### DATA EXCERPT:
• • • • •
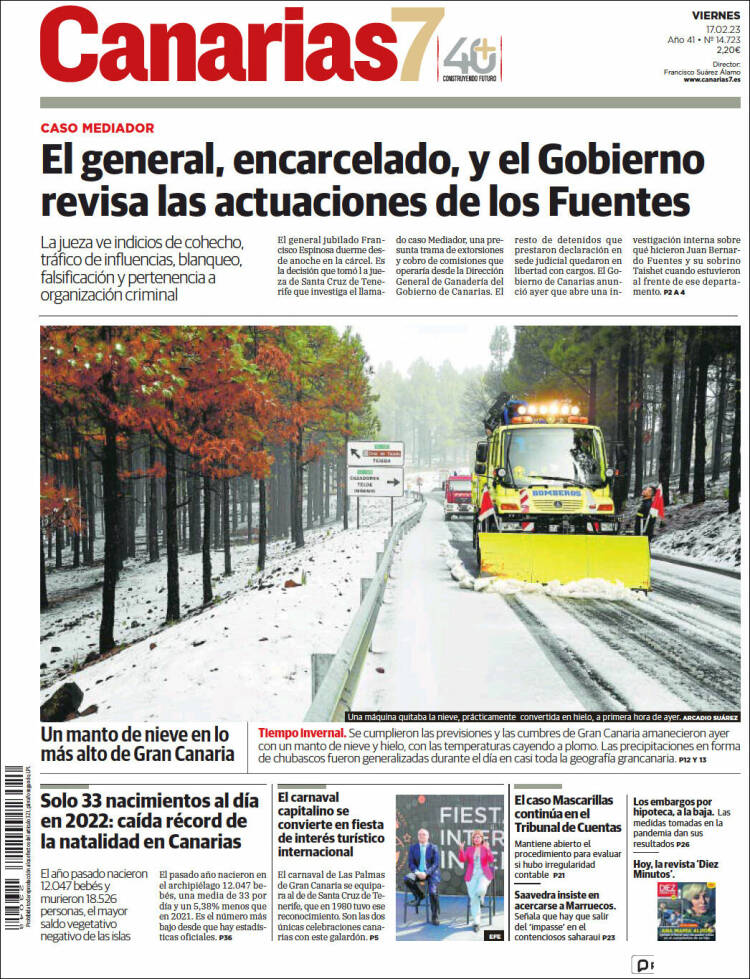 Portada de Canarias 7 (España)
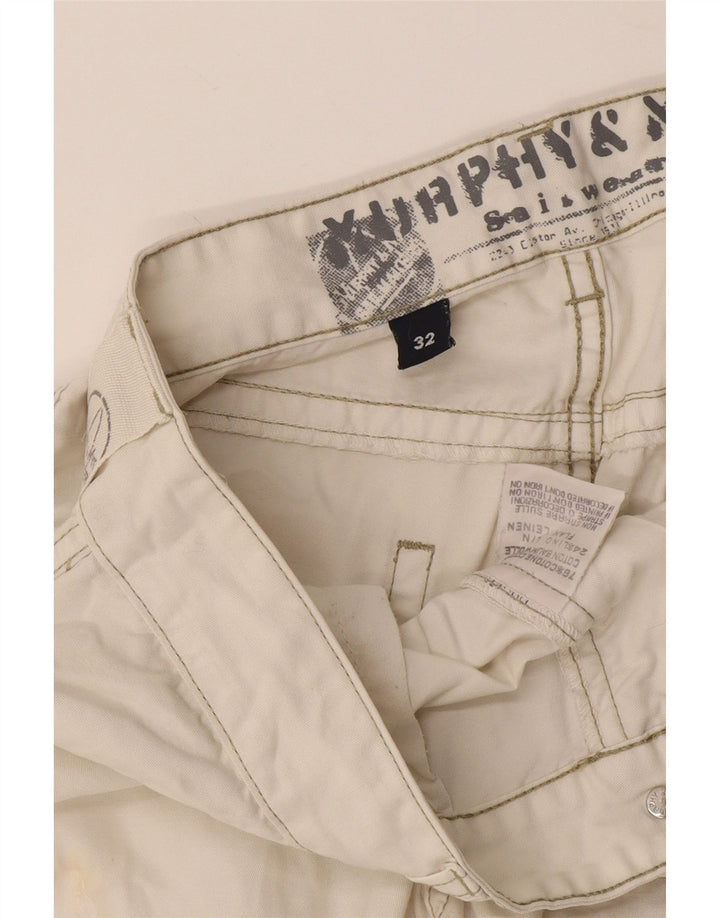 Murphy & Nye Short Cargo Homme W32 Coton Blanc Moyen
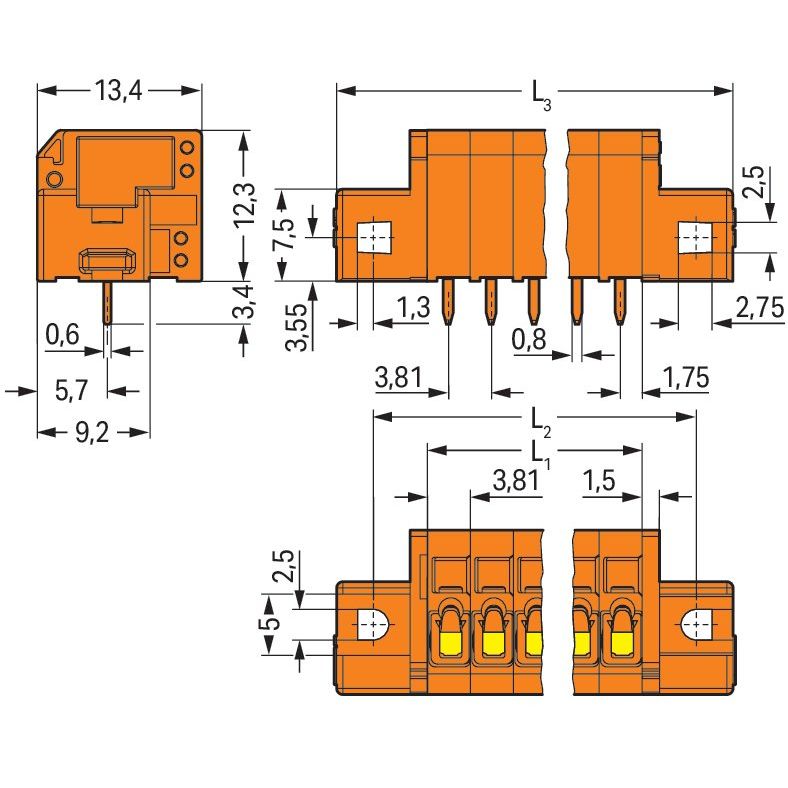 WAGO - Leiterplattenklemme 739-334/001-000 1,5mm² − 35 Stück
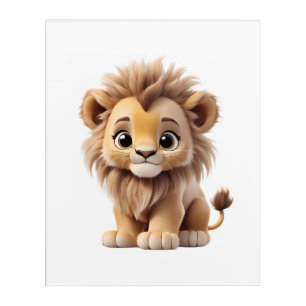 Jungle Adorable Lion Cub Sitting Portrait  Acrylic Print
• • • • •
### EXERCISE PROMPT:
Images should not appear in the copy; retype the listing above exactly.

### SOLUTION:
 Portada de Canarias 7 (España)
 Murphy & Nye Short Cargo Homme W32 Coton Blanc Moyen
 WAGO - Leiterplattenklemme 739-334/001-000 1,5mm² − 35 Stück
 Jungle Adorable Lion Cub Sitting Portrait  Acrylic Print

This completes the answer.